The pitcher’s mound on any adult baseball field today is 60 feet and six inches away from home plate— doubtless mirroring baseball diamonds in heaven. Each base around each field is precisely 90 feet apart— Platonic form meeting and transforming the dusty reality.

This must unquestionably be the way, said my dad, because if the pitcher’s mound was only 60 feet from home plate rather than the perfect 60‘6“, no hitter would ever have a chance against the pitcher. If the bases were 89 feet apart instead of 90, so many batters would beat out a ground ball that the defense would struggle to get the three outs needed to get off the field. It’s precisely perfect, down to the inch. Because, as my dad also often says, “Baseball is a game of inches.“

So even though pitchers throw faster fastballs today than in the 1800’s, even though they curve curveballs more sharply, hitters always seem to keep up at the same pace. Even though batters sprint down the line faster as the decades go by, the increasing arm speed of all those shortstops still guns them down. Because, the 60‘6“ is perfect, the 90 feet is perfect, and the game remains as it has always been played, perfect since its origin. 

The perfect game.


The problem is, almost none of that is actually true.

The evolution of the rules of baseball, like most human social endeavors, has a complicated history. The oldest surviving rules of baseball we have are the famed Knickerbocker Rules, from 1845. Historians tell us that Doubleday had nothing to do with them. Bases are not 90 feet apart under the Knickerbocker Rules, and the distance between pitcher and home plate goes unmentioned. Balls and strikes didn’t exist, because in 1845 the whole goal was to get the ball in play—pitcher and batter working together rather than locked in an epic struggle.

It’s the Baseball Convention of 1857, convened by 16 professional clubs from New York, that defined and decreed the bases to be 90 feet apart.

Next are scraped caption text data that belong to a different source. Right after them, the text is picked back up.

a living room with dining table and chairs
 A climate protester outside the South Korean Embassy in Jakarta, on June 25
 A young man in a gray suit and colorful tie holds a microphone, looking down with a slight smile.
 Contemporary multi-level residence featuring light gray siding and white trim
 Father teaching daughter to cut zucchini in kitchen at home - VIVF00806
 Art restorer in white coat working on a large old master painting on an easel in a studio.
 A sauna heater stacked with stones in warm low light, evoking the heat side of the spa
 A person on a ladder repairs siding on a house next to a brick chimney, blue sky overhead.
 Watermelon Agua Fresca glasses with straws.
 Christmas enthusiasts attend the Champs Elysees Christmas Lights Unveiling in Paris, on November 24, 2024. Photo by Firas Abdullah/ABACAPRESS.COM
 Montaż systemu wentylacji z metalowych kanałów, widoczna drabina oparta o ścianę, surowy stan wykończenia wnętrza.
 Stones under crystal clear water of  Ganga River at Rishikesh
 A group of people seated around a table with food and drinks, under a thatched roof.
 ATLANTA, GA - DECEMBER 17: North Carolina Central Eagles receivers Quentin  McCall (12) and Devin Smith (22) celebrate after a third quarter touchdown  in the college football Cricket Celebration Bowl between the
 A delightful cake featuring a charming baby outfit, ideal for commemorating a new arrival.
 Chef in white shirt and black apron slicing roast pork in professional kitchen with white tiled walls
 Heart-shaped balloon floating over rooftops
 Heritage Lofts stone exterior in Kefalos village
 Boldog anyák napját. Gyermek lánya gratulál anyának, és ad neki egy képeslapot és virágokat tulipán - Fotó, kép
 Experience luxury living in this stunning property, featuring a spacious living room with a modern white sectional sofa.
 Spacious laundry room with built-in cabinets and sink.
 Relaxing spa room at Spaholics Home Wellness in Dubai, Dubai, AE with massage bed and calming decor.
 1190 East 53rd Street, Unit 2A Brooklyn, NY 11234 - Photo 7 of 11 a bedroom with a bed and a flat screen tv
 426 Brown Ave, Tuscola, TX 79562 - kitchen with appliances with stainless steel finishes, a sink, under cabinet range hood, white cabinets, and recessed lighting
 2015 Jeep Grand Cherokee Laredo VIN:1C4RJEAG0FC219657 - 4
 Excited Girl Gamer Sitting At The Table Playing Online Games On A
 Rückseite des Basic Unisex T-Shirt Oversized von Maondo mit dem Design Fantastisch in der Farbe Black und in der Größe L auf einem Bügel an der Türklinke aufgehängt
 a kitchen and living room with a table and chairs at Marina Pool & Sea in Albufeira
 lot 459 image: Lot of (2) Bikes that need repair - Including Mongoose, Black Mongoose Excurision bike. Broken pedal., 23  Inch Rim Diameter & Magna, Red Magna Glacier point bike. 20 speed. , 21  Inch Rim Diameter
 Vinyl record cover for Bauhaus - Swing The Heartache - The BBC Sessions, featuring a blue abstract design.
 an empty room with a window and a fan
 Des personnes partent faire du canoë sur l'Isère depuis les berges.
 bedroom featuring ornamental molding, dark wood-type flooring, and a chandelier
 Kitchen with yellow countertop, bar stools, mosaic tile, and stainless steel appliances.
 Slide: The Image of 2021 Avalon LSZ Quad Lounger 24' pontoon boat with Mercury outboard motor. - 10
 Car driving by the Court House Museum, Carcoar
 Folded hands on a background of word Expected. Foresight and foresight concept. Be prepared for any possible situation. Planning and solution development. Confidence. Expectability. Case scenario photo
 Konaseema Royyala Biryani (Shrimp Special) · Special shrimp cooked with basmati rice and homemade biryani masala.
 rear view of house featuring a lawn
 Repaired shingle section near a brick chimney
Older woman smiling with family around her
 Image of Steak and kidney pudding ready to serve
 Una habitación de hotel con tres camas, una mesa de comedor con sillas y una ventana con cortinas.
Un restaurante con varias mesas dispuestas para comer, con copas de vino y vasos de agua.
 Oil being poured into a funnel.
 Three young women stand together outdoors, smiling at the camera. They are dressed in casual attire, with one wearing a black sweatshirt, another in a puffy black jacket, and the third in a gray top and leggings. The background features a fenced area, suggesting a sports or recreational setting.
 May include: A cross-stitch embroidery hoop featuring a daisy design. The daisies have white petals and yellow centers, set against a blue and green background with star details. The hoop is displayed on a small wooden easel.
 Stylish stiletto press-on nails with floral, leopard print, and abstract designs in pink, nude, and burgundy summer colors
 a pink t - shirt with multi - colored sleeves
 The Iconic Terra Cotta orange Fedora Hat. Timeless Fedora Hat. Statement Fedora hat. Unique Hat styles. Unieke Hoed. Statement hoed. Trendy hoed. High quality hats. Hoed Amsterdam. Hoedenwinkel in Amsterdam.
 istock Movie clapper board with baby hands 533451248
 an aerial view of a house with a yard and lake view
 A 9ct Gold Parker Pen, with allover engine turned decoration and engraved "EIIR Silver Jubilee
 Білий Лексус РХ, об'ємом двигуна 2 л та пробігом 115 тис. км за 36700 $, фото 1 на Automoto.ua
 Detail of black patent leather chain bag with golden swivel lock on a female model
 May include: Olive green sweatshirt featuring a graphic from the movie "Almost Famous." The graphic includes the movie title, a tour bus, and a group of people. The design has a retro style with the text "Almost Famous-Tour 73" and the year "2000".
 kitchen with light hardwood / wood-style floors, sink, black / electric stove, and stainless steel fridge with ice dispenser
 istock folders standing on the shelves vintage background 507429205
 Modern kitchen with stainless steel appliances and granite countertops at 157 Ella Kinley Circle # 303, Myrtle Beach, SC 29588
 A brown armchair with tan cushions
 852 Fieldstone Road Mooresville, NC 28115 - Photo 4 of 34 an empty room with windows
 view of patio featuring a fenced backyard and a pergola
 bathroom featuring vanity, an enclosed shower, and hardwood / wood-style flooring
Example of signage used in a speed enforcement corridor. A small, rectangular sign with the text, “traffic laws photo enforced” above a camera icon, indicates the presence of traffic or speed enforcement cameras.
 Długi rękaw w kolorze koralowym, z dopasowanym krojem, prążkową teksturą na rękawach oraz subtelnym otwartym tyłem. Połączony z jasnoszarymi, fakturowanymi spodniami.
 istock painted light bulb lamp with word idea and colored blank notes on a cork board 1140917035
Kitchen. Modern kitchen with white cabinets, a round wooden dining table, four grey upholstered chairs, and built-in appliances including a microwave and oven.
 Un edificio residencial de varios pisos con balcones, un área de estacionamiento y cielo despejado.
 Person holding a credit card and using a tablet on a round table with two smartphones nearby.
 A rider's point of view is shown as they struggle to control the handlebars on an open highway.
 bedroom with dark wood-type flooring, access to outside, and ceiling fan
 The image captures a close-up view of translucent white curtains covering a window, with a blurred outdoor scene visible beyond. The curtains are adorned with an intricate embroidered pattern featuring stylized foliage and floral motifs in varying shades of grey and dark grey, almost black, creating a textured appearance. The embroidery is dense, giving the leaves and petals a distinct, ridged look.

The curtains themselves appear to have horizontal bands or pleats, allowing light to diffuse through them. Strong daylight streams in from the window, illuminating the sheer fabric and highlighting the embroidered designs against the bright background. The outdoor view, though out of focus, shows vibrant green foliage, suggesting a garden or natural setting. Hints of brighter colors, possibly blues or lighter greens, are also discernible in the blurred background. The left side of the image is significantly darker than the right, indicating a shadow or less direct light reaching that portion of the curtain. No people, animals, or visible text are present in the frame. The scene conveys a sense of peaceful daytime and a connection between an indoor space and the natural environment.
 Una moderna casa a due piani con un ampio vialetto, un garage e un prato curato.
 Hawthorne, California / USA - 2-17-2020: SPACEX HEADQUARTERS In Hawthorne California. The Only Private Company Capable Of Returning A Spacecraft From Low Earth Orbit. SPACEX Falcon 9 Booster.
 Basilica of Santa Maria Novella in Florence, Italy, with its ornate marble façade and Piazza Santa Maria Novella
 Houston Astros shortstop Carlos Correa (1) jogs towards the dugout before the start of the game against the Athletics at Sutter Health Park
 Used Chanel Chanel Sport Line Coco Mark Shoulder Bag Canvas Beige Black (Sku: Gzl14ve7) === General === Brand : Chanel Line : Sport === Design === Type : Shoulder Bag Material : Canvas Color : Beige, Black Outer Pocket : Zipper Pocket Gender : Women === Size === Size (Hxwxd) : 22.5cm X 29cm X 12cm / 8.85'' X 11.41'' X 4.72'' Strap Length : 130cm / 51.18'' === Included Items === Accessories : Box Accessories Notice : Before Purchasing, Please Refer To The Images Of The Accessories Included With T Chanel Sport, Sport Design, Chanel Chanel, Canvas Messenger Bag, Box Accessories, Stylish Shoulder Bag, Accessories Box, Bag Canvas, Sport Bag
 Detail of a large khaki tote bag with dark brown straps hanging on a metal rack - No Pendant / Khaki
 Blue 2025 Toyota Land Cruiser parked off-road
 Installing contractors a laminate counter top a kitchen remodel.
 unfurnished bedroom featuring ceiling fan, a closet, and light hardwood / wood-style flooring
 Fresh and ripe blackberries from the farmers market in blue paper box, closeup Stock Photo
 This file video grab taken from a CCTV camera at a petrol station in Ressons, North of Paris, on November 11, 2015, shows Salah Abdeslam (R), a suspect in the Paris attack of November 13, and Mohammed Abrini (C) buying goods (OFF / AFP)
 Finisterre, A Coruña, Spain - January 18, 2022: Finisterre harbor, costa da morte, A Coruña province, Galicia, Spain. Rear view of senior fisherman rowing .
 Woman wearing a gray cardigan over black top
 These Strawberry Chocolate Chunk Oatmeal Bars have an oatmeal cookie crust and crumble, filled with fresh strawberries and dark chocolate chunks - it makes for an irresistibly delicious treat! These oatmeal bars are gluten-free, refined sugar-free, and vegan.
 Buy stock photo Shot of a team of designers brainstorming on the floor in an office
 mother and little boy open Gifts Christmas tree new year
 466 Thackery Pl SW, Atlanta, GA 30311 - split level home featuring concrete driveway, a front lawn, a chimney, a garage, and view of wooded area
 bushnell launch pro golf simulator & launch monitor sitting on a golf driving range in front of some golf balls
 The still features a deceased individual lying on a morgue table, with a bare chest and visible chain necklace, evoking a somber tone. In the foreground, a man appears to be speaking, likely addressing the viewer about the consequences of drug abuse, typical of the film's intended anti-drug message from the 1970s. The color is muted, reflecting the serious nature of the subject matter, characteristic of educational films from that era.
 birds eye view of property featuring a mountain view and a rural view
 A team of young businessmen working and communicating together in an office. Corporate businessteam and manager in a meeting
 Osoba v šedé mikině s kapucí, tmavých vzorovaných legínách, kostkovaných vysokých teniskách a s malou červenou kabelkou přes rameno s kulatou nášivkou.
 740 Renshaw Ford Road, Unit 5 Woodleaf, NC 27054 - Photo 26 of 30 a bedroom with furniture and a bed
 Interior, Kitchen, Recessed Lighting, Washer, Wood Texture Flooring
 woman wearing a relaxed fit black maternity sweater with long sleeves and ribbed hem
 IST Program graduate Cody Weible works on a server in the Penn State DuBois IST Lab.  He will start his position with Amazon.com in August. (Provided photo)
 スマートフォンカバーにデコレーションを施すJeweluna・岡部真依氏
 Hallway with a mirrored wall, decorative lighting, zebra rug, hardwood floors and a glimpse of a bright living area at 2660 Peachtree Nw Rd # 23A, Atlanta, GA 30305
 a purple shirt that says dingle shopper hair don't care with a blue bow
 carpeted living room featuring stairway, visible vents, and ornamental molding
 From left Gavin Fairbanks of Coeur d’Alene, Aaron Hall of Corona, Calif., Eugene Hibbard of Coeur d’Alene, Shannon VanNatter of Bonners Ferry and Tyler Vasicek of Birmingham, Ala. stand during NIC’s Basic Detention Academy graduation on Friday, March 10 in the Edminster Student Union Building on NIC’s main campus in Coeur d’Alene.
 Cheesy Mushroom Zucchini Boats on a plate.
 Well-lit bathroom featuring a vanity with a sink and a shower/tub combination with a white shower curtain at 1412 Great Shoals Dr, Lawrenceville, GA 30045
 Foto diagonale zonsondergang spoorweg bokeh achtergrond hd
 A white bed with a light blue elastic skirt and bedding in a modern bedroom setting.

But apparently the stone tablets from on high were difficult to decipher, because the pitching line—not a mound yet—was set at 45 feet away, not 60 feet, six inches. The pitcher could choose anywhere behind that 12 foot wide pitching line to deliver the ball to the batter. 

It took 36 more years of tinkering and development to finally get to 60’6″, and to settle on four balls for a walk, and “three strikes and you’re out.” The narrowing of the pitching line and moving it back were changes to try and stay a step ahead of new developments by innovative pitchers. The game we know today was largely codified by 1893. (And don’t tell my dad, but they’re still tinkering with rules.)

Whew. The beauty, it seems, comes through a process of finessing the rules of the system to achieve balance.


While baseball was the language of my family of origin, our own kids each chose different fields of interest. On this barnstorming tour of four games in four stadiums in four nights, I have been reflecting on my lifelong love of the sport—ruminating while driving back to Philadelphia on I-95 in the dead of night, pondering while swaying back and forth on the rails of the Northeast Regional train, typing while an Airbus A321 flies me home.

And, finding myself firmly in middle age and keenly aware of time slipping through the hourglass, I’ve been inflicting baseball’s history and wonders upon my family before it’s too late, mainly by text. (I wonder how many of them have muted the thread by this point.)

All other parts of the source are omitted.